* [TASK BRIEF]: Copy the data exactly. Images are to be left out.

* [MATERIAL PROVIDED]:
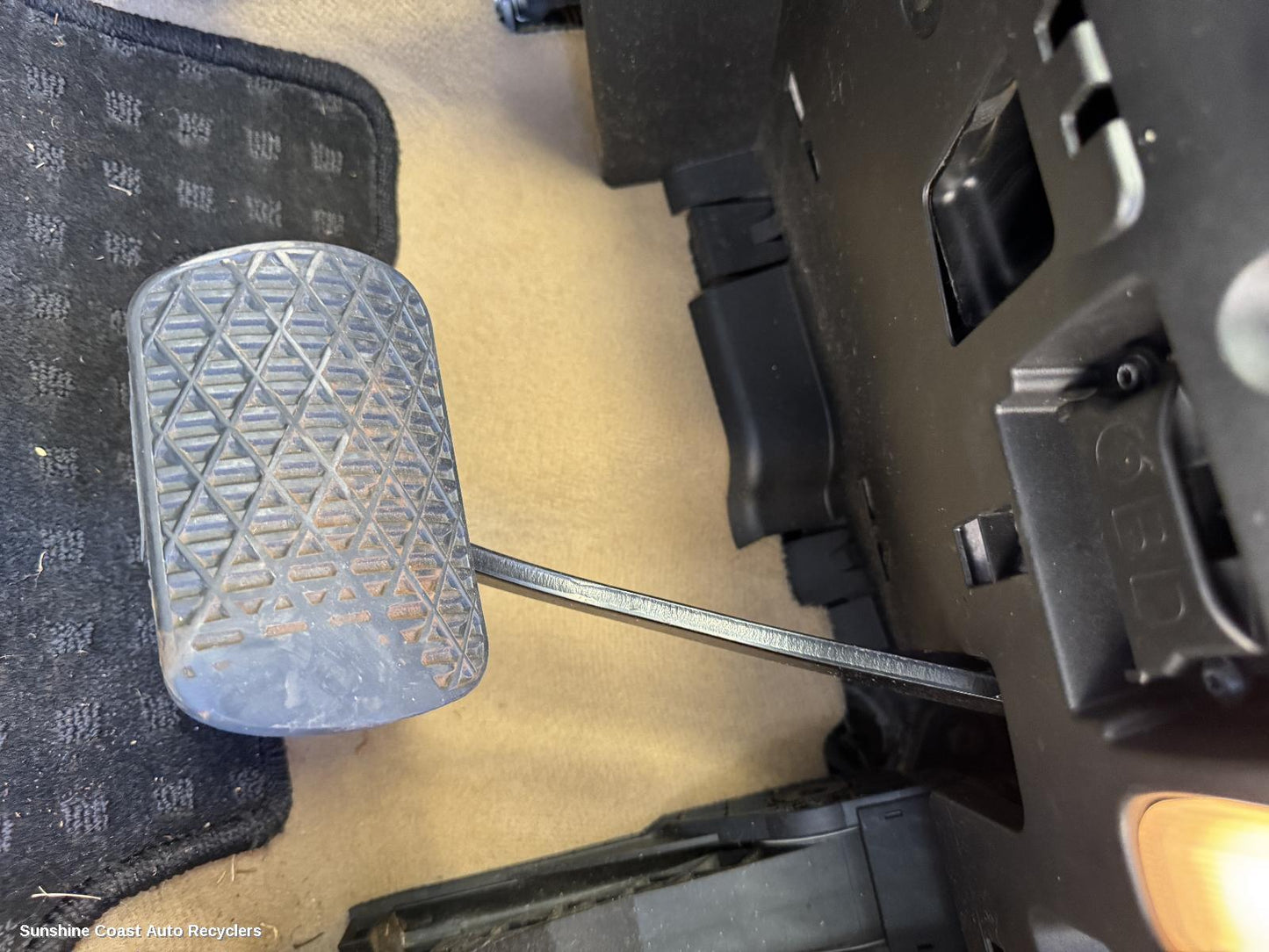 2008 Mercedes M Class Pedal Assembly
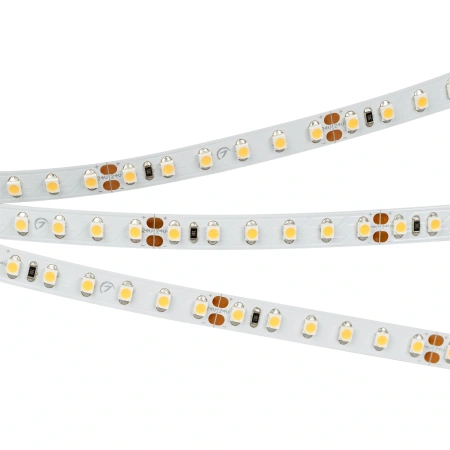 Светодиодная лента Лента RT 2-5000 24V Day5000 2x (3528, 600 LED, CRI98) (Arlight, 9.6 Вт/м, IP20)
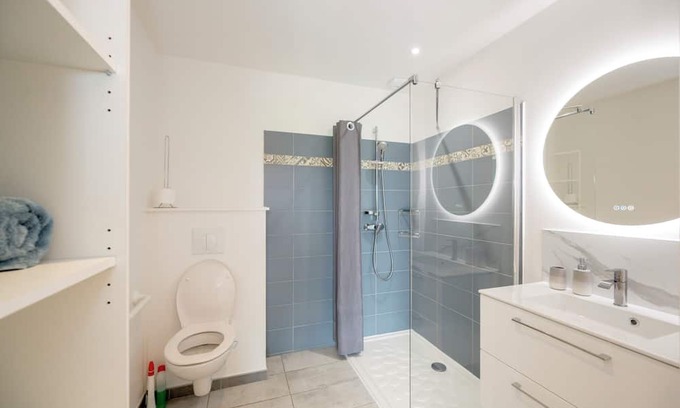 Ploufragan Apartamento | The bucolic studio, near Saint-Brieuc and beaches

* [SOLUTION]:
 2008 Mercedes M Class Pedal Assembly
 Светодиодная лента Лента RT 2-5000 24V Day5000 2x (3528, 600 LED, CRI98) (Arlight, 9.6 Вт/м, IP20)
 Ploufragan Apartamento | The bucolic studio, near Saint-Brieuc and beaches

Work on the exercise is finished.